- Beigao Location in Fujian
- Country: People's Republic of China
- Province: Fujian
- Prefecture-level city: Putian

Area
- • Total: 54 km^{2} (21 sq mi)

Population (2010)
- • Total: 93,684
- • Density: 1,700/km^{2} (4,500/sq mi)
- Time zone: UTC+8 (China Standard)

= Beigao Town =

Beigao Town is a town in Putian's Licheng District on the central coast of Fujian Province, China. It had 93,684 people in about 16,000 households during the 2010 census.

==Geography==
Beigao comprises part of the southern shore of Xinghua Bay on the Taiwan Strait and its hinterland. Its 54 km2 form the southeastern corner of Putian's prefecture, bordering Houhai Lake and Quanzhou.

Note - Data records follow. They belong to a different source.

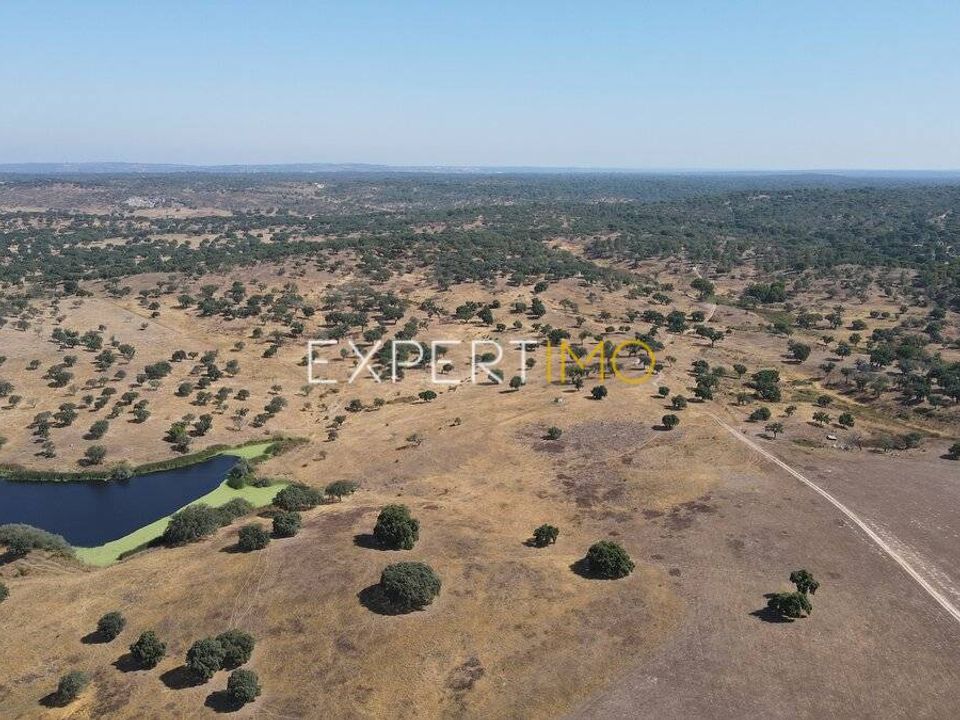Terreno en Mora, Evora - foto 1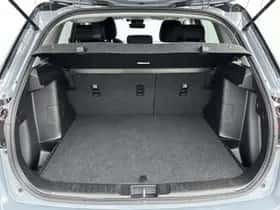 Suzuki Vitara (2025) thumbnail 24
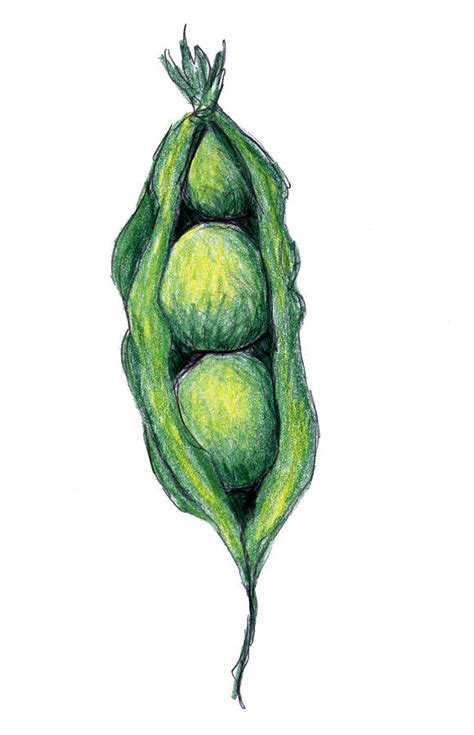 Pea Pod Drawing at PaintingValley.com | Explore collection of Pea Pod Drawing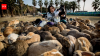 Tourist feeding helped push Japan’s famous Rabbit Island beyond its natural limits; now vegetation is stripped and wild boars are attacking rabbits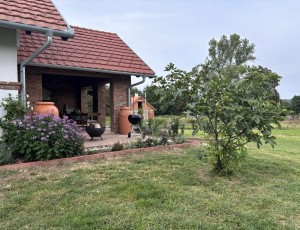 kosbor verbena kulso
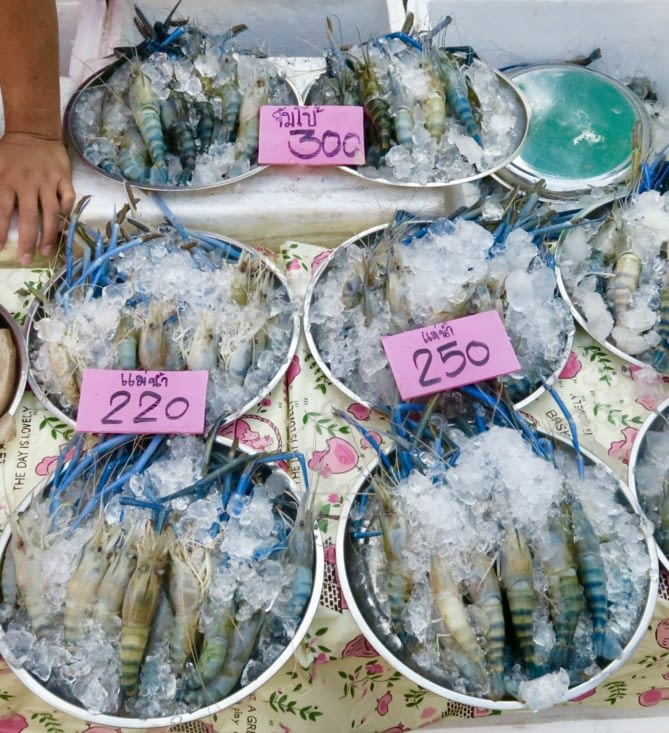 Ou des crevettes bleues ?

==Administrative divisions==
Beigao is composed of 24 villages: Kengyuan (坑园村, Kēngyuán Cūn), Yuanhou (院后村, Yuànhòu Cūn), Chengshan (呈山村, Chéngshān Cūn), Beigao (北高村, Běigāo Cūn), Dongxiang (东乡村, Dōngxiāng Cūn), Houji (后积村, Hòujī Cūn), Tingjiang (汀江村, Tīngjiāng Cūn), Tingfeng (汀峰村, Tīngfēng Cūn), Jiangbian (江边村, Jiāngbiān Cūn), Gaoyang (高洋村, Gāoyáng Cūn), Gaofeng (高峰村, Gāofēng Cūn), Lanshan (栏山村, Lánshān Cūn), Fuling (福岭村, Fúlǐng Cūn), Duling (渡岭村, Dùlǐng Cūn), Wucheng (吴城村, Wúchéng Cūn), Shanqian (山前村, Shānqián Cūn), Chengtou (埕头村, Chéngtóu Cūn), Chengqian (埕前村, Chéngqián Cūn), Qianting (前亭村, Qiántíng Cūn), Chongqin (冲沁村, Chōngqìn Cūn), Donggao (东皋村, Dōnggāo Cūn), Zhuzhuang (竹庄村, Zhúzhuāng Cūn), Meilan (美兰村, Měilán Cūn), and Daifeng (岱峰村, Dàifēng Cūn). These oversee 128 zìráncūn (自然村) and 248 cūnmín xiǎozǔ (村民小组).